Kuroda’s Return Brings a Sigh of Relief

As you certainly know by now, Hiroki Kuroda will be back with the Yankees in 2013 on another one-year pact. Hiroki will receive $15 million, with an opportunity to earn $1 million more based on performance triggers. Fangraphs.com’s crowd sourcing pegged him at two for $24 million. While the fans underestimated the money, he probably could have gotten an additional year from another team. However, and fortunate for the Yankees, Kuroda wanted a one-year deal so he can always have an option to return to Japan where he wishes to finish his career.

Kuroda received a significant raise, but it was undoubtedly merited. The one year deal provides the flexibility the front office needs to meet the $189 million budget for the 2014 season, while remaining competitive. Kuroda backed up CC Sabathia superbly last season, and will be counted on to do so again.

In a career high 219.2 innings, Kuroda finished 2012 with a 3.32 ERA, 3.67 xFIP, and 3.66 SIERA, well worth the $10 million base salary he received. He also delivered two very good postseason starts against Baltimore and Detroit. While he was expected to be a solid addition last season, he has been remarkably consistent throughout his career. In his five seasons, he’s posted SIERAs of 4.04, 3.75, 3.53, and 3.66 in the most recent two. Additionally, his ERA has been anywhere between 3.76 and 3.07.

Why was Kuroda’s return so pivotal?

For one, the one year contract makes life a lot easier for Brian Cashman. Given the upcoming budget constraints, locking guys into a long-term deals in the rotation really wasn’t an option. Expect the Yankees to try to do as many one-year deals as possible over the next couple of seasons in order to maintain flexibility, similar to what they’ve done with Kuroda and Andy Pettitte. As a plus, Kuroda is probably the best buy available in free agency for those willing to take a one-year contract.

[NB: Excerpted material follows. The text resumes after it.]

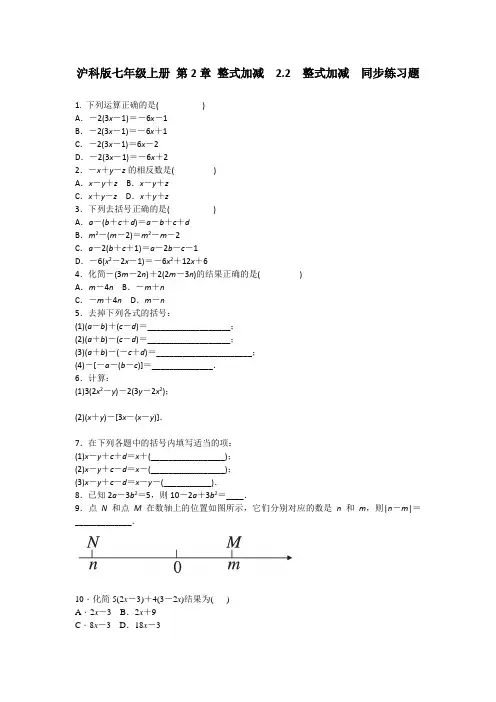 最新沪科版七年级数学上册2.2整式加减同步练习题含答案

Second, Kuroda’s strong performance garnered him a great deal of trust. He did everything the Yankees ask for: dominate when the ace hit the disabled list, and deliver on three days rest in the postseason. Hiroki also protected home field, thriving at Yankee Stadium to a tune of a 2.72 ERA and 3.50 FIP.

Now that one of the chips has fallen, Brian Cashman can start the focus on the other voids. I still anticipate Pettitte and Mariano Rivera to return, while the catching and right field situation is a bit more tricky. I imagine the Yankees want to bring Russell Martin back, but probably don’t want to give too many years. Lastly, right field is kind of a mystery at this point, with the obvious fallback being Ichiro.